I was invited to listen to RBC Global Asset Management’s chief economist, Eric Lascelles, present his impressions of the current environment and his outlook. There are a number of reasons that I accepted the invitation, not least of which was the fact that lunch was provided. It’s been a while since I’ve heard the views of a chief economist, and I wanted to feel connected and informed, and I wanted to review whether or not having a macroeconomic view may be helpful to investors.
It was interesting that, near the beginning of the presentation, the economist acknowledged the failure of forecasting. He recalled that, early in the year, the world faced a number of challenges: natural disasters in Japan, the end of quantative easing, and problems in Europe. It was widely believed that the second half of the year would be better. But for all the optimism, the challenge in Europe persists, lawmakers in the US played chicken with the debt ceiling and joblessness has yet to be resolved.
The point that I found valuable was his assessment of the current problem. The economy isn’t suffering from over-regulation or from poor corporate performance. Eric Lascelles pointed out that the problem is a lack of confidence. Companies have cash on their balance sheets, but they don’t have the confidence to put it to work. Consumers likewise are choosing to save rather than spend, based on worries about the future. Politicians are hardly inspiring confidence with their inability to cooperate in the US and in Europe (without minimizing the difficulty of the task before them).
Are we in a recession? Is a recession coming? The speaker suggested that it appeared about 25% likely the US is in a recession and 50% likely a recession is coming next year. But in practice, what’s the difference between a mild recession and a sluggish recovery? It feels the same, whether the growth is slightly above or slightly below zero. The solution to a lack of confidence is to do things that inspire confidence. Policymakers need to show their ability to navigate the current storms. And it will take time.

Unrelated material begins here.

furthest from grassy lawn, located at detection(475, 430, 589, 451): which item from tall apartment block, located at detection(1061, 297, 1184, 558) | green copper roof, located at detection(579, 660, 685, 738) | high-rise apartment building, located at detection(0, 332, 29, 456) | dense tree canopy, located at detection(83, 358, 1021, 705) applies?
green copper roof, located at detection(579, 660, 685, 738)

Eventually, we’ll get back on track. What’s the outlook for the near term? I was interested that the economist’s projection could be summed up as: “We’re likely to stay on the path we’re currently on.” Human beings seem to have a weakness for extrapolation. Rather than predicting a shock or reversal, we tend to believe things will continue on pretty much as they have been. Examples from the presentation include: oil prices will remain between $80 and $100; the Canadian dollar will hover around par with the US$; commodities will strengthen as demand increases.

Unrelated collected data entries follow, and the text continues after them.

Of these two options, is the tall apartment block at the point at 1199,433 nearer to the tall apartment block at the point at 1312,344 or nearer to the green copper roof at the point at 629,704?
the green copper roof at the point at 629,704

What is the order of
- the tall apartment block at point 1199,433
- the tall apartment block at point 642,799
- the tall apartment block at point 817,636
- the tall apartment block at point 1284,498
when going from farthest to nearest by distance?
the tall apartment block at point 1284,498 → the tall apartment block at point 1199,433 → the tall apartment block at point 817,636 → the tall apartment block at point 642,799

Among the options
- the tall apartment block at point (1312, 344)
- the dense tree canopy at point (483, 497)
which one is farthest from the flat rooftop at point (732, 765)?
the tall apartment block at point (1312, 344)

The RBCGAM presentation was engaging and informative. (The lunch was delicious.) But it reminded me that the forecast of an economist is about as useful as anyone else’s forecast. Even if economists can’t produce solutions to our current situation, they do have some insight into our current reality. For investors, we need to realize that we are facing, and are likely to continue to face, lower P/E multiples. Even if profitability is acceptable, the price investors are willing to pay for stocks has been reduced by the overall lack of confidence. Things will change, but that’s the reality we face now.